Samba hanging up after about 15 days
Stephen Eickhoff
operagost at email.com
Mon Oct 27 20:23:23 GMT 2003
I apologize for the wide margins, but I have some system output I need to post.
I wonder if anyone has had Samba VMS on a VAX hang up on them after about two weeks.
This process is causing BACKUP to hang, and any process that tries to run TCPIP hangs
as well.
The system in question is a Vaxstation 4000/60 with 32 MB RAM running VMS 7.1 and
TCPIP 5.1, eco 5.
NMBD is going into MUTEX and hanging up my system so badly that I have to reboot it.

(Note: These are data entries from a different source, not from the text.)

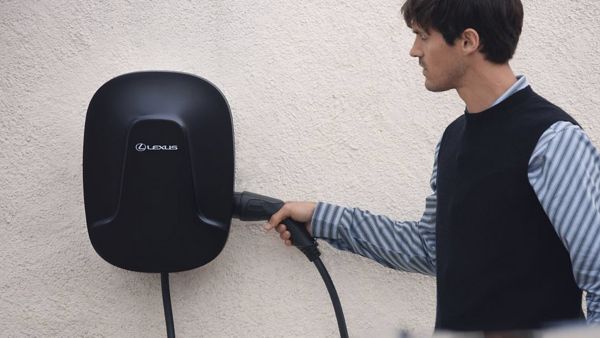 Eine Person entnimmt das Ladekabel aus einer Lexus Wallbox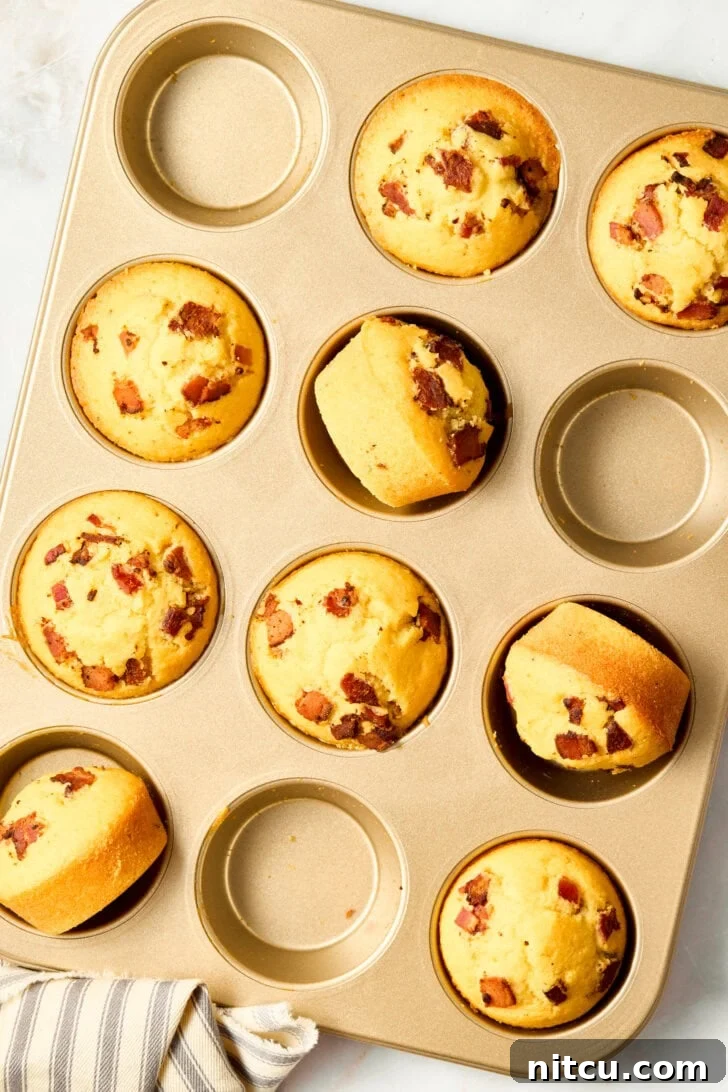 Warm cornbread muffins in a pan, garnished with bacon and maple syrup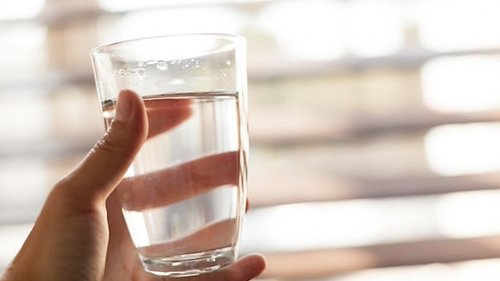 水の入ったグラスを手に持つ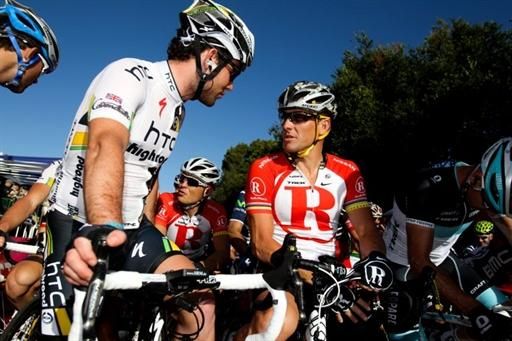 Mark Cavendish (HTC - Highroad) and Lance Armstrong (RadioShack) chat on the start line.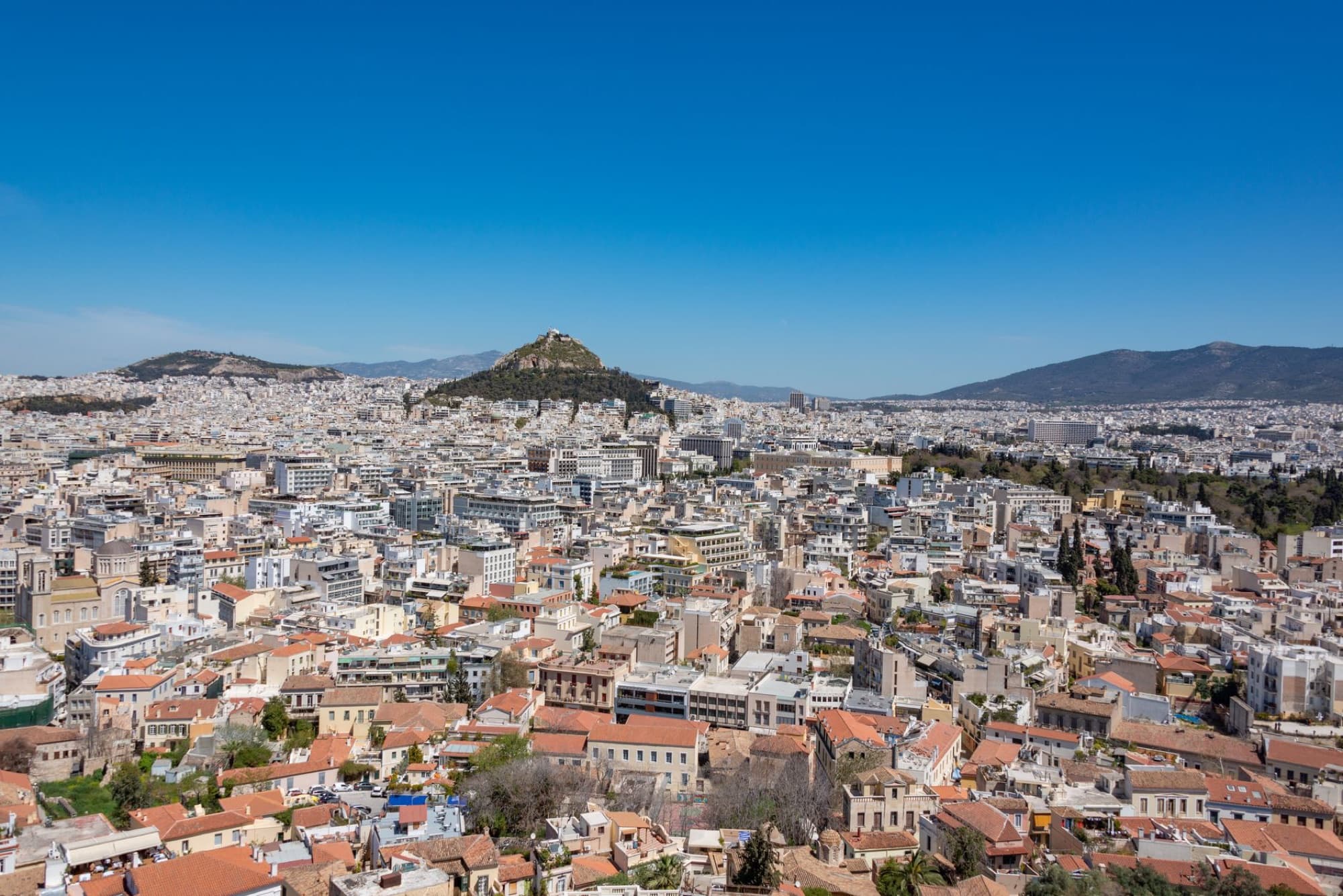 Expansive aerial view of Athens, showcasing the vibrant cityscape and iconic Lycabettus Hill under clear blue skies.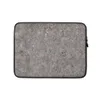 Urban Felt Grey Laptop Sleeve — close-up photograph of grey industrial felt with tangled fibers and scattered colorful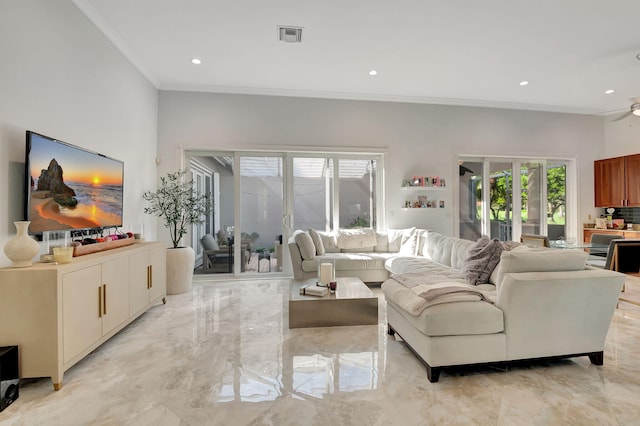 living room featuring ceiling fan and crown molding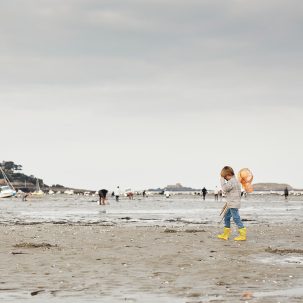 Un enfant marche sur la plage à marée basse près de Dinard, en Bretagne, France, recherche des coquillages et des crustacés dans un cadre pittoresque. L'enfant est équipé d'un seau et d'un outil de fouille, profite de cette activité traditionnelle de pêche à pied. Le ciel est légèrement nuageux, laissant filtrer la lumière douce du soleil couchant.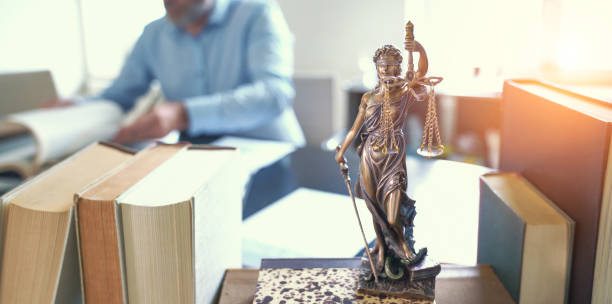 Lady Justice Statue The Statue of Justice - lady justice or Iustitia / Justitia the Roman goddess of Justice standing on books in lawyers office bronze statue stock pictures, royalty-free photos & images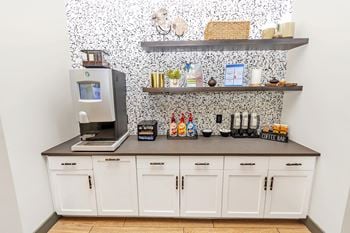 Coffee station with open shelving and white cabinets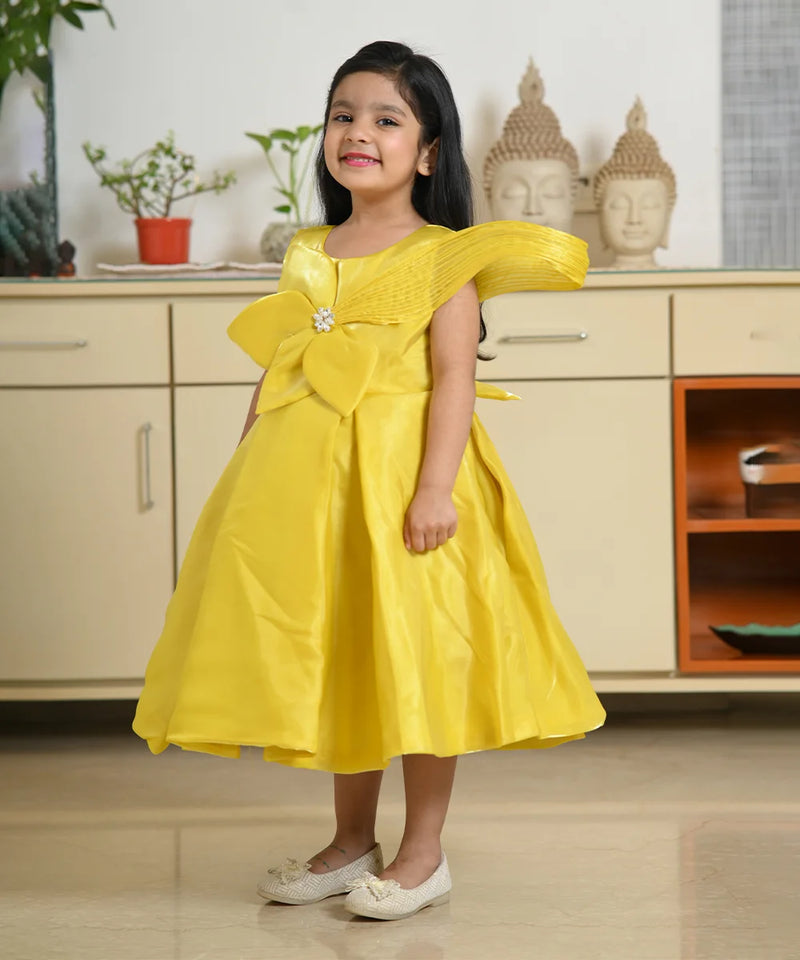 Designer neon yellow party frock for girls with floral detail, best children’s wear shop Jaipur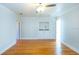 Bright bedroom with hardwood floors and built-in shelving at 115 N Lake Florence Dr, Winter Haven, FL 33884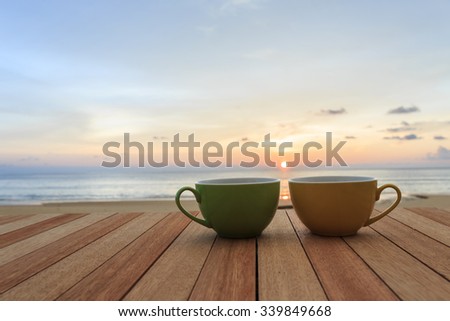 Close up coffee cup on wood table and view of sunset or sunrise background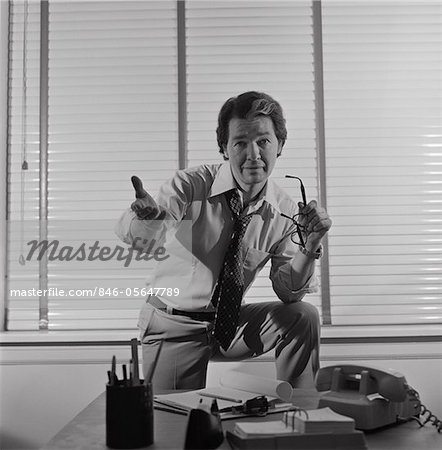 1970s BUSINESSMAN STANDING BEHIND DESK ARM RAISED IN PLEADING GESTURE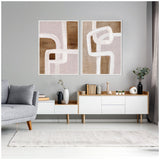 Two framed abstract canvas artworks featuring rhythmic white lines over beige and brown textured backgrounds, displayed side by side on a gray wall above a modern white and wood console.
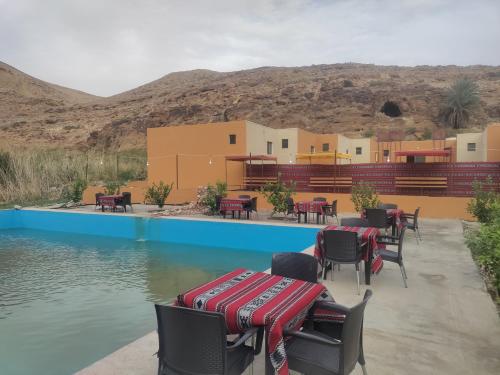 a patio with tables and chairs next to a pool at Sail Alhasa Tourist Resort-Tafila in At-Tafilah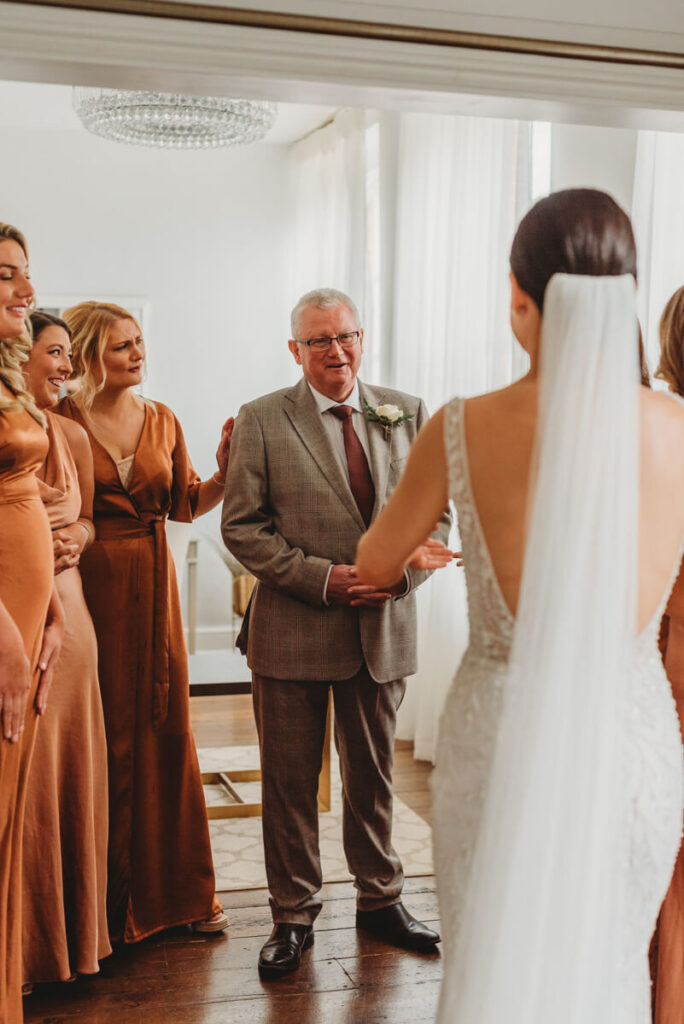 dress reveal with father of the bride and bridesmaids at Syrencot house bridal suite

Take a look at SHOW SYSTEM:
OpenVMS V7.1 on node ORFF 27-OCT-2003 15:02:53.91 Uptime 16 16:48:37
Pid Process Name State Pri I/O CPU Page flts Pages
20200081 SWAPPER HIB 16 0 0 00:00:44.72 0 0
20200086 CONFIGURE HIB 10 6 0 00:00:03.62 6644 167
20200088 IPCACP HIB 10 6 0 00:00:00.13 6019 101
20200089 ERRFMT HIB 8 11036 0 00:00:34.25 1784 119
2020008A CACHE_SERVER HIBO 16 -- swapped out -- 121
2020008B CLUSTER_SERVER HIB 8 11 0 00:00:00.05 192 281
2020008C OPCOM HIB 7 22437 0 00:00:47.87 6013 169
2020008D AUDIT_SERVER HIB 10 44564 0 00:00:53.23 3290 397
2020008E JOB_CONTROL HIB 10 28477 0 00:00:41.15 10181 163
2020008F QUEUE_MANAGER HIB 9 8537 0 00:00:43.73 13399 549
20200090 SECURITY_SERVER HIB 10 7540 0 00:02:08.84 131238 603
20200091 SMISERVER HIB 9 35 0 00:00:00.66 7951 71
20200092 TP_SERVER HIB 9 96640 0 00:08:43.59 36033 158
20200093 TCPIP$TNS2 HIBO 4 -- swapped out -- 381
20200094 TCPIP$TNS1 HIBO 4 -- swapped out -- 399
20200095 TCPIP$INETACP HIB 8 25761 0 00:01:03.77 16604 589
20200096 TCPIP$BIND_1 LEF 9 1182971 0 00:48:14.88 189439 1813 N
20200097 TCPIP$PORTM_1 LEF 10 110 0 00:00:00.74 7484 59 N
20200098 TCPIP$FTP_1 LEF 10 207 0 00:00:01.29 8642 1172 N
20200099 TCPIP$LBROKER_1 LEF 9 3381919 0 00:56:27.58 203993 691 N
2020009A TCPIP$METRIC_1 LEF 10 556766 0 00:13:09.13 43868 183 N
2020009B TCPIP$NFS_1 HIB 8 152 0 00:00:21.60 12167 59 N
2020009C TCPIP$MOUNTD_1 LEF 10 240 0 00:00:01.36 7027 65 N
2020009D TCPIP$NTP_1 LEF 9 1481698 0 00:02:06.88 101058 339 N
2020009F TCPIP$POP_1 HIB 10 25064 0 00:01:55.96 25131 1207 N
202000A0 SMTP_ORFF_01 HIB 6 20353 0 00:02:13.01 28122 2003
202000A3 TNT_SERVER HIB 6 10137 0 00:09:12.23 212289 1268
20204824 SMBD_BG1152 RWAST 8 259 0 00:00:01.98 2635 2660 N
202000A5 CircleMUD LEF 6 192364 0 00:01:37.58 24704 489
202000A6 NMBD MUTEX 9 690146 0 03:31:10.51 117217 744
20203C27 ZAP_BRANAGEN LEF 8 5674 0 00:00:10.00 2477 616
202000AB TNT1202000A3 LEFO 1 -- swapped out -- 495 S
202000AF SYSTEM LEF 5 2715 0 00:00:29.42 30293 268
202049B0 CYRIL LEF 5 35421 0 00:04:36.08 2859 1940
20204A31 OPERAGOST RWAST 6 579 0 00:00:01.80 1289 329
20203EB2 XOO6 LEF 9 11859 0 00:00:45.03 4273 1742
20204833 SWAT_BG1177 RWAST 6 135 0 00:00:01.62 2232 1892 N
20204934 _VTA1256: CUR 4 821 0 00:00:04.02 3887 322
20204A39 TCPIP$SM_BG3533 LEF 8 143 0 00:00:01.57 2328 1517 N
20204743 BATCH_553 LEF 6 1360 0 00:00:05.19 1391 1288 B
Action taken: first, Samba wasn't responing do I tried to SWAT in to restart it.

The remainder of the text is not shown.